[Book Notes] Team Topologies
“Book Notes” are a way to synthesize my thoughts on a book before setting it aside. I like to read, but frankly I forget the details of a particular book over time. Hopefully this helps!
This “Book Notes” is about Team Topologies, by Matthew Skelton and Manuel Pais.
Key Takeaway: Conway’s Law is real, and sound organizational and communication patterns can help wield it to your advantage.
Conway’s Law
Conway’s Law comes from a 1968 paper by Mel Conway titled “How Do Committees Invent?” Conway summarizes his law as:
Any organization that designs a system (defined more broadly here than just information systems) will inevitably produce a design whose structure is a copy of the organization’s communication structure.
Conway’s Law applies not only to organizational structures, but to the communication between these structures:
Many organizations assume that more communication is always better, but this is not really the case. What we need is focused communication between specific teams… Conway’s law suggests that this kind of many-to-many communication will tend to produce monolithic, tangled, highly coupled, interdependent systems that do not support fast flow. More communication is not necessarily a good thing.
Future innovation is further stifled because Conway’s Law prevents us from seeing possibilities. From Conway’s original paper:
the very act of organizing a design team means that certain design decisions have already been made, explicitly or otherwise. Given any design team organization, there is a class of design alternatives which cannot be effectively pursued by such an organization because the necessary communication paths do not exist. Therefore, there is no such thing as a design group which is both organized and unbiased.

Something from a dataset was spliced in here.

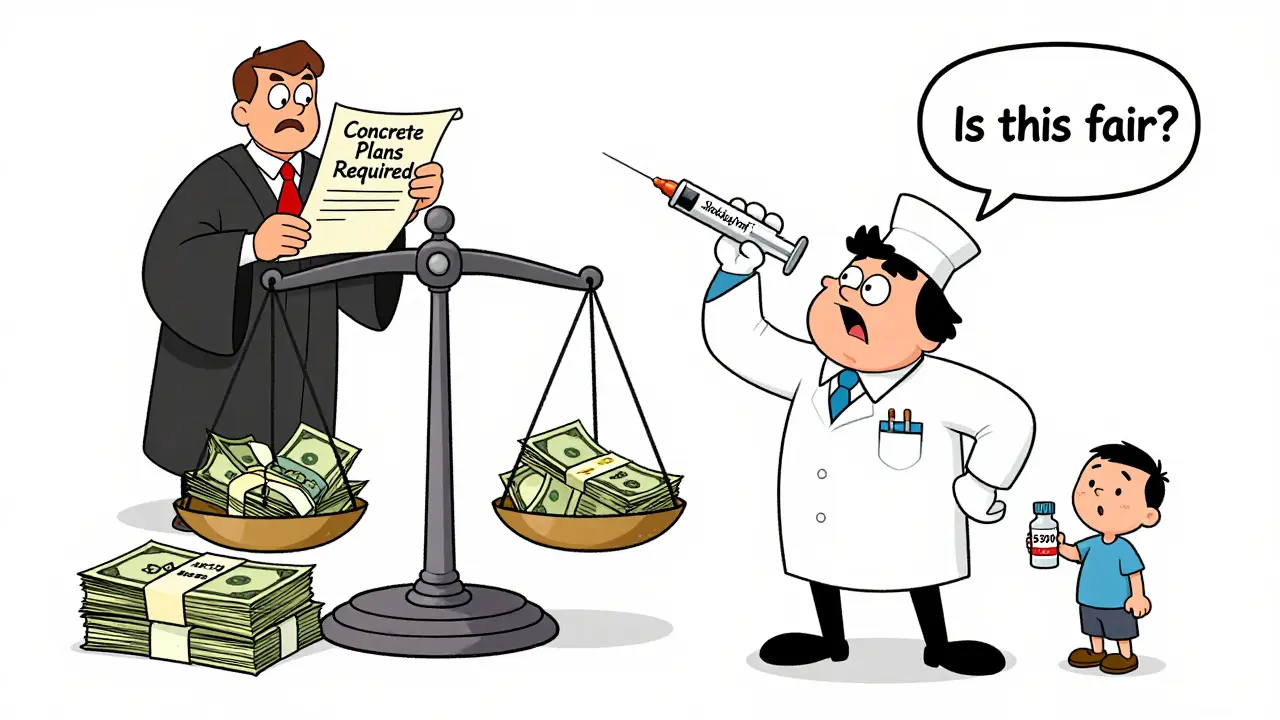 Generic company worker starting a clinical trial as legal fees outweigh a patient holding expensive insulin, with a judge demanding proof.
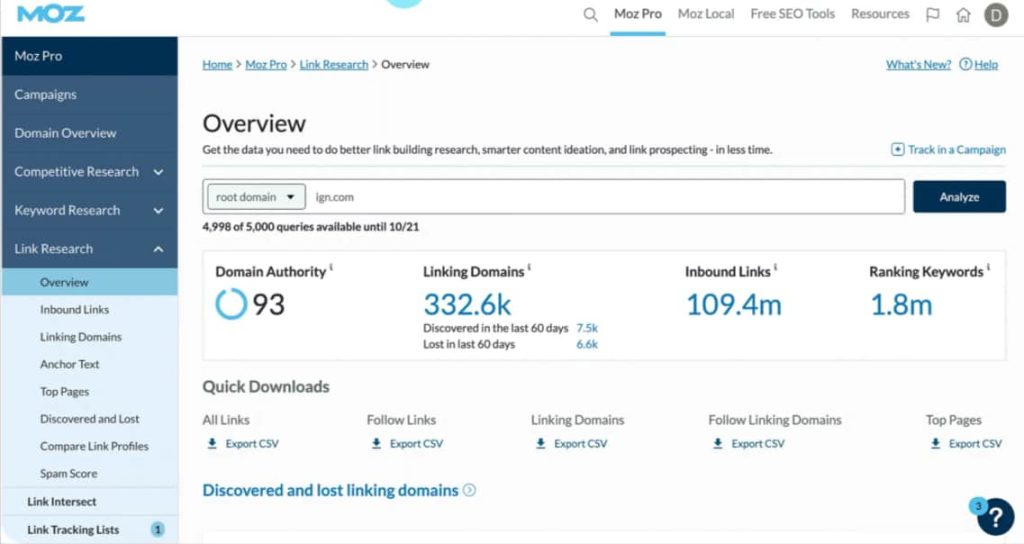Moz Pro Overview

Team Topologies spends a lot of time delving into Conway’s Law because it is inevitable. Recognizing that Conway’s law is inevitable shifts our thinking from “how do we avoid it?” to “how do we use it to our advantage?”
One way to use Conway’s Law to our advantage is the “inverse Conway maneuver”.
whereby an organization focuses on organizing team structures to match the architecture they want the system to exhibit rather than expecting teams to follow a mandated architecture design
As Michael Nygard says: “Team assignments are the first draft of the architecture.”
Team Topologies Overview
The fundamental unit in Team Topologies is the team.
The team should be the fundamental means of delivery rather than the individual. If we follow this team-first approach, we need to ensure that the people within our teams also have (or develop) a team-first mindset.
Since the team is the fundamental unit of delivery, it’s important that there be a high level of trust across the team. This approach reminded me of Team of Teams (which is also referenced in Team Topologies). Keeping team size in mind (Amazon’s two pizza rule, Dunbar’s number) strengthens trust by establishing predictable behavior and interactions between teams and across teams.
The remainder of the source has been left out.